Guillain-Barré, o que é e como tratá-la

Marjourie Corrêa

Sentir uma fraqueza ou uma dormência nas pernas ou nos braços pode parecer inofensivo e ser confundido com um problema muscular corriqueiro. Porém, se esses sintomas persistem ao longo dos dias e aumenta a região do corpo em que se manifestam é importante ter cuidado, pois não pode ser tão simples assim.

É assim que a síndrome de Guillain-Barré começa a se mostra presente. De acordo com o neurologista do Hospital Jayme da Fonte, Mário Melo, a doença, autoimune, costuma acontecer semanas depois de o corpo sofrer algum tipo agressão, que pode ser uma infecção.

“Geralmente a síndrome está associada a uma virose, uma diarreia, uma infecção de via aérea superior, como algum resfriado.”

Além dos sintomas motores, por ser autoimune, na Guillain-Barré, o corpo ataca o próprio organismo. “As células do corpo atacam o Sistema Nervoso Periférico, ou seja, os nervos que mandam os comandos para que a gente se mexa e sinta as sensações. Por isso é que os sintomas vão ficando mais evidentes conforme a doença vai avançando”, esclarece Mario.

Ainda conforme o neurologista, há um ataque ao Sistema Nervoso Autônomo e é essa parte da doença que pode levar a óbito, já que com a “disautonomia” o organismo do paciente perde o controle da pressão, da frequência cardíaca e também da frequência respiratória.

Os sintomas por si só não são suficientes para fechar o diagnóstico. “Além de analisar o histórico do paciente e checar se tem alguma infecção prévia, é necessário realizar uma série de exames complementares, até mesmo para descartar outras doenças”, detalha.

Diante do diagnóstico, o tratamento é realizado em duas etapas. Durante a fase aguda, o principal objetivo é cessar o ataque do corpo com ele próprio. “Uma medicação é responsável por bloquear as células que atacam o organismo. Isso precisa ser feito em um hospital com pessoas treinadas” destaca Mario.

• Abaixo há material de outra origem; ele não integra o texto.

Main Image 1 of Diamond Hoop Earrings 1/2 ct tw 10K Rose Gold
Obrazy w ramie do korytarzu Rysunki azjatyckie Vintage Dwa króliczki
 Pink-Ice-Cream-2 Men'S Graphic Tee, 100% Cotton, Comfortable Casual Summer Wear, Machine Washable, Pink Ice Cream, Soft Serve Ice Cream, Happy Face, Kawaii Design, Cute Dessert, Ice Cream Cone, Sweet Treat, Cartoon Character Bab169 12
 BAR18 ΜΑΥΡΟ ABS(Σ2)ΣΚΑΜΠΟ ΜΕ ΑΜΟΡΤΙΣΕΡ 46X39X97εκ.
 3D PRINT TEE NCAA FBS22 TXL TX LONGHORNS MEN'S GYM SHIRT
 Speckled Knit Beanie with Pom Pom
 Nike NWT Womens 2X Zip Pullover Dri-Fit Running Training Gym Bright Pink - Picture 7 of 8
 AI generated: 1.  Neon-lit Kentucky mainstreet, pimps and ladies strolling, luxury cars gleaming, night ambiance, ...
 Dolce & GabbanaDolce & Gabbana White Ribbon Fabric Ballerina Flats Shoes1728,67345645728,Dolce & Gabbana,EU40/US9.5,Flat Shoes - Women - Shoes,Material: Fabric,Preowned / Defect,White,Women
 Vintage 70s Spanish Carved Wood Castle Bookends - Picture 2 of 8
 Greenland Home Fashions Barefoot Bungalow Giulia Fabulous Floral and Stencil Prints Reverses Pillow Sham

Além da medicação, o tratamento também vai contar com fisioterapia, para promover a reabilitação do paciente; com fonoaudiologia, caso tenha acontecido algum comprometimento da linguagem; e com terapia ocupacional, para deixar o indivíduo o mais funcional possível.

“É comum que o paciente apresente alguma sequela após a doença. Mas isso vai depender muito da intensidade da doença, da velocidade para se obter o diagnóstico e, principalmente, da intensidade do tratamento”, finaliza Mario.